* **Problem description**:
Go through the listing below and show each line that has the word "Maxi".

* **Entries shown**:
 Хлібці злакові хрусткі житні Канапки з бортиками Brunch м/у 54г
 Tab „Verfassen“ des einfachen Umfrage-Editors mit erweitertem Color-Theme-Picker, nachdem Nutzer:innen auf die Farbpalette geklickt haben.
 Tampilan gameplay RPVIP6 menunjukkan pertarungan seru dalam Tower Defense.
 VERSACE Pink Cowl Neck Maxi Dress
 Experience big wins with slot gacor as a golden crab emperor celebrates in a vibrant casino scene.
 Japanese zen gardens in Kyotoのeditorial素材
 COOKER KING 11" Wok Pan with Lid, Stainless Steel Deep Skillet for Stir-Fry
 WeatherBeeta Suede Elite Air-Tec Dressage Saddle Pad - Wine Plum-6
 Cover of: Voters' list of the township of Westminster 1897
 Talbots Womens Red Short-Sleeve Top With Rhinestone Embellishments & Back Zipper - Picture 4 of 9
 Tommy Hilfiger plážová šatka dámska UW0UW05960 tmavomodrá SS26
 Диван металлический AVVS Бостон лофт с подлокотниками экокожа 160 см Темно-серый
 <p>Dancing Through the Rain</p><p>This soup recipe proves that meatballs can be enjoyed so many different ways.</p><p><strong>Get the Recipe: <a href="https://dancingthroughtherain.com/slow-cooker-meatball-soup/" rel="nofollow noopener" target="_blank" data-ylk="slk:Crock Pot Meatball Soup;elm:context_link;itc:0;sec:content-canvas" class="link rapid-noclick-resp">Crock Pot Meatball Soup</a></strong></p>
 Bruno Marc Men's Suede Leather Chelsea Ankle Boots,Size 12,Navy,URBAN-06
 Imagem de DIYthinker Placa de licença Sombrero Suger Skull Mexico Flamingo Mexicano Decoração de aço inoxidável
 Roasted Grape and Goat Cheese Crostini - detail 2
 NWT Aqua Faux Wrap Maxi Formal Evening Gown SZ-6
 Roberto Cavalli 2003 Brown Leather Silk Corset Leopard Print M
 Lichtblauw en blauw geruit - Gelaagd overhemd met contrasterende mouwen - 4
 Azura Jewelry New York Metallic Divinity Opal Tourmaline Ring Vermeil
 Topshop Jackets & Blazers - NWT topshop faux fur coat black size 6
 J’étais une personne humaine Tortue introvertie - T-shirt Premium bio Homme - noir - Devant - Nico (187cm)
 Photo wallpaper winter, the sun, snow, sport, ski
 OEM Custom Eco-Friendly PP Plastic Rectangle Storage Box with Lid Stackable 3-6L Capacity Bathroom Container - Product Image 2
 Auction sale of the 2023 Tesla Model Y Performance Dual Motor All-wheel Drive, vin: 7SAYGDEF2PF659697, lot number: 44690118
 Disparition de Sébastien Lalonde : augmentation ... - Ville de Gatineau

* **Output**:
 VERSACE Pink Cowl Neck Maxi Dress
 NWT Aqua Faux Wrap Maxi Formal Evening Gown SZ-6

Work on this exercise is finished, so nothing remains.